The Filein column grid displays the columns from the input files.

Attribute	Description
Name	Displays the name of each input column. This attribute is read-only.
Alias	Defines alternate names for any of the input columns. Spaces before or after an alias column name are ignored. Spaces within an alias column name are acceptable.
Keep Order	Manages the order that columns display in the output data flow. By default, columns that are passed to the next object in the data flow are displayed in the order that they appear in the Name column. You can change this order by typing a number in the Keep Order column. When you assign a Keep Order number, the Keep column is checked automatically. The Keep Order numbers might reorder to accommodate any changes you make.

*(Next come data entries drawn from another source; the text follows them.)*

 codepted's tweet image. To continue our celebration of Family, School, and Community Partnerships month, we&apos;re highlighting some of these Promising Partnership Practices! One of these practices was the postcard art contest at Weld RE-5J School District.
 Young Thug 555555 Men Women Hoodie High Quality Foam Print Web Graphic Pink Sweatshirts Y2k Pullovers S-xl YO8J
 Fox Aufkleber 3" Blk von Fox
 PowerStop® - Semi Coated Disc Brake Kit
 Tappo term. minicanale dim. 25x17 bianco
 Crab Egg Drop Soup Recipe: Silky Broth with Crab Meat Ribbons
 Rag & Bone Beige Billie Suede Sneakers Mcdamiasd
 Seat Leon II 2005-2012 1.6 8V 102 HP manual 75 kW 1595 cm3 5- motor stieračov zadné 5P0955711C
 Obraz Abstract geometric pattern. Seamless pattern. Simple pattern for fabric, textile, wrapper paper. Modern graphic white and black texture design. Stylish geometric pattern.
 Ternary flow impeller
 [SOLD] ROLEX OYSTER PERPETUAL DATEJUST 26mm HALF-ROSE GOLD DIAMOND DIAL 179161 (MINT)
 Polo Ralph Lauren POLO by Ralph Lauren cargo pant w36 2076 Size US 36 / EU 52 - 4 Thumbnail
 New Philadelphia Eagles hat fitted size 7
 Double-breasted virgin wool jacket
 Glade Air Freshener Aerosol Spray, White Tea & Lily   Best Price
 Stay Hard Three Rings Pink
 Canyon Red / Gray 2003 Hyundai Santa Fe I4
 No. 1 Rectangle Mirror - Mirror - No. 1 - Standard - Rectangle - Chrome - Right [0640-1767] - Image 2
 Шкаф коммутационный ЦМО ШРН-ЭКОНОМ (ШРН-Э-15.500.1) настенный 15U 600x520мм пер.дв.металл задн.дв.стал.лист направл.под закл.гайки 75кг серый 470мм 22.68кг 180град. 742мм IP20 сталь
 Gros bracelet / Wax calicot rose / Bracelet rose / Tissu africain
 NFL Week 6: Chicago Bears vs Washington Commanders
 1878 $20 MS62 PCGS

Keep	Manages which columns are kept in the output data flow. If no columns have a Keep check mark, all columns are kept in the output data flow, except for any explicitly marked Remove. Select the Keep check box for columns you want to explicitly keep in the output data flow. A number is automatically added in the Keep Order column when you select its Keep check box. After marking any column with a Keep check mark, only those marked Keep are kept in the output data flow. NOTE: After any Keep check boxes are checked, do not use the Remove check boxes as clicking a Remove check box sets all Keep check boxes to unchecked.
Remove	Manages which columns are removed from the output data flow. Select the Remove check box for columns that you want to explicitly suppress from the output data flow. NOTE: Use the Remove check boxes only when no Keep check boxes are checked.